*Activity*. Every record below is to be repeated exactly, with the pictures left out.
** Data for the task follows **
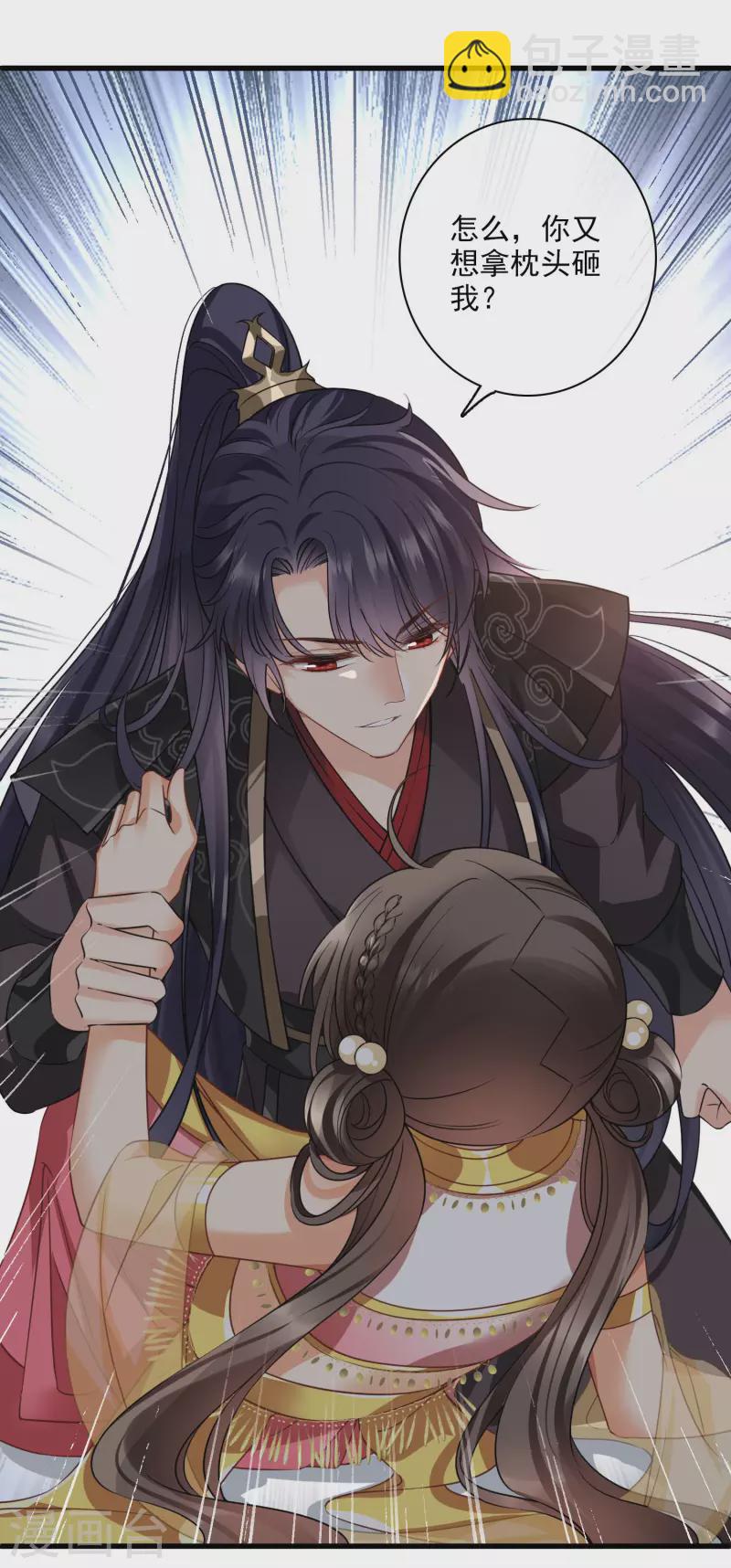 第55话 欢喜冤家-第64话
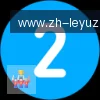 ly乐鱼体育 logo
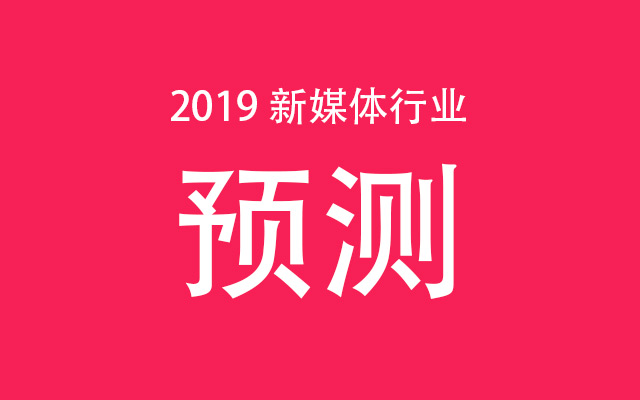 2019 新媒体行业预测：老树发新芽，行业第二春？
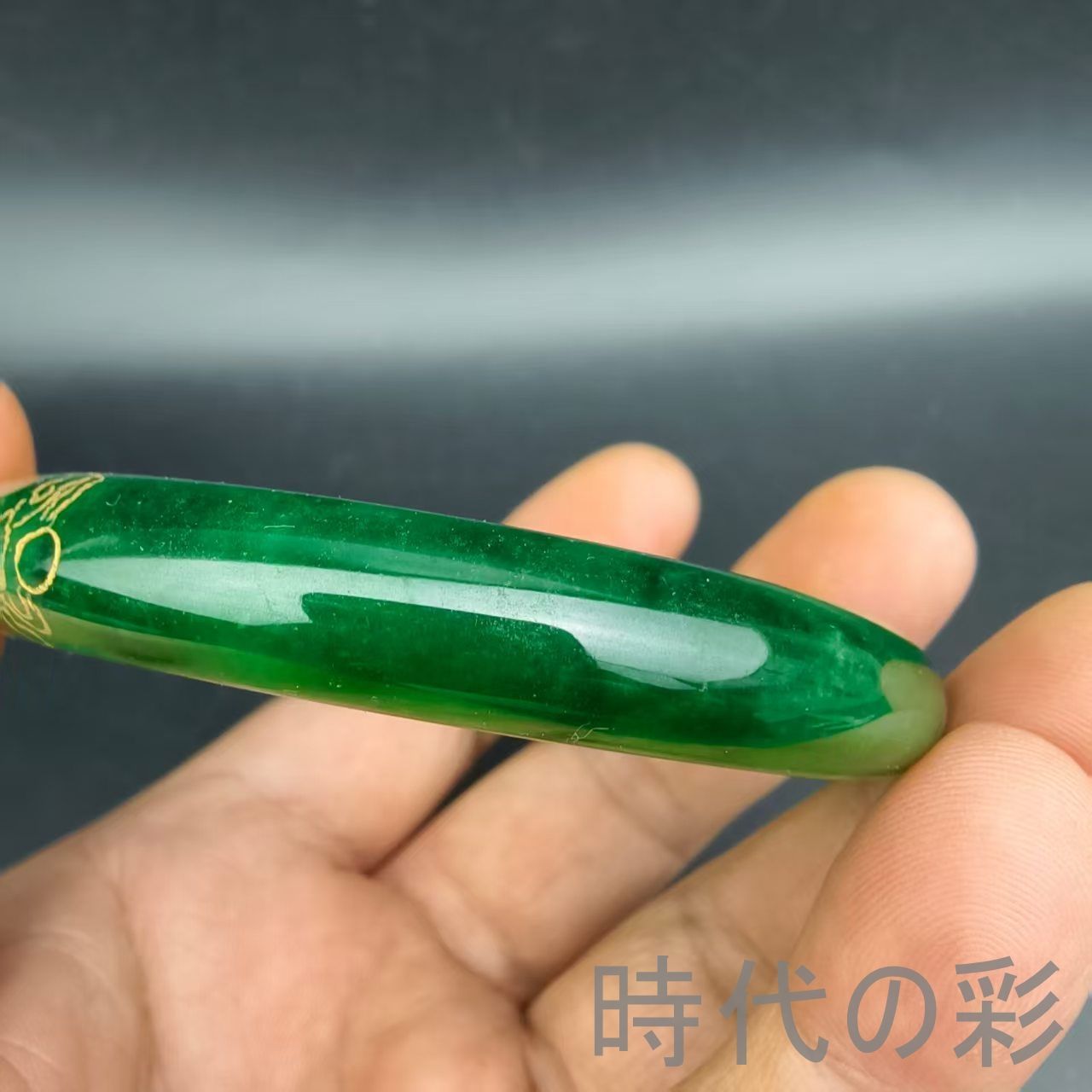 古玉老翡翠 描金金魚満堂バングル』中国古美術 ミャンマー冰種満緑 純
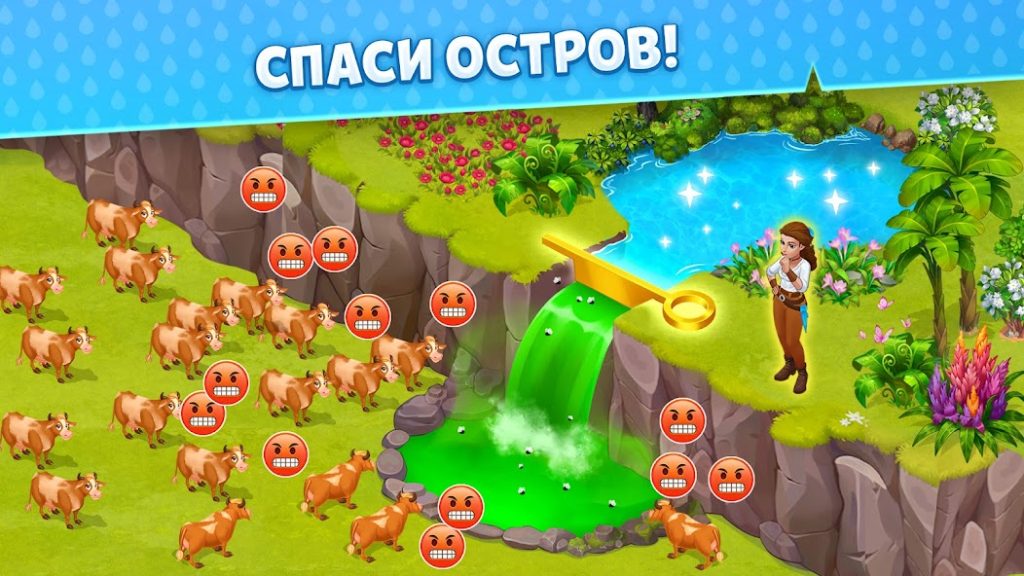 Как открыть подводную ферму за рифом. Island Hoppers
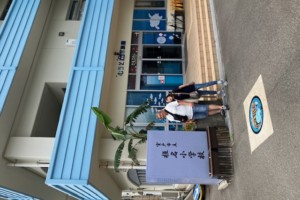 2026.06.11社員旅行行ってきましたin高知(2日目)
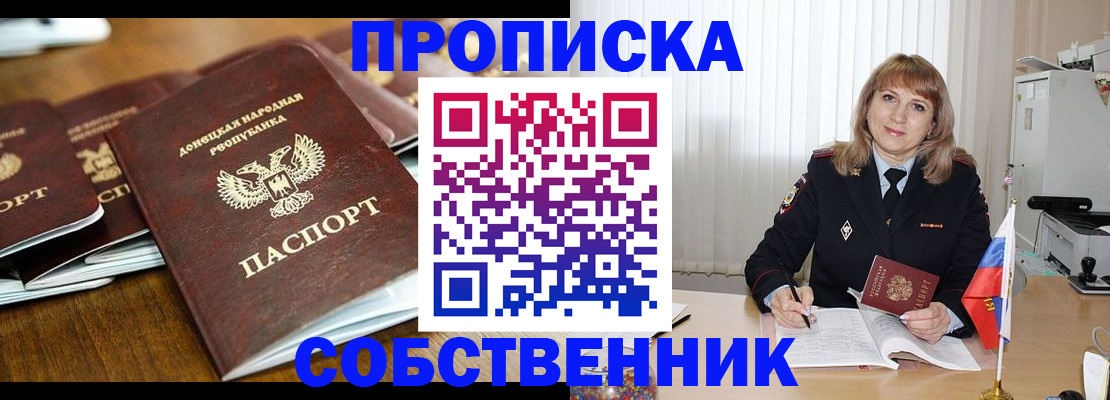 прописка от собственника в Адыгее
** End of Data for the task **
*Task result*.
 第55话 欢喜冤家-第64话
 ly乐鱼体育 logo
 2019 新媒体行业预测：老树发新芽，行业第二春？
 古玉老翡翠 描金金魚満堂バングル』中国古美術 ミャンマー冰種満緑 純
 Как открыть подводную ферму за рифом. Island Hoppers
 2026.06.11社員旅行行ってきましたin高知(2日目)
 прописка от собственника в Адыгее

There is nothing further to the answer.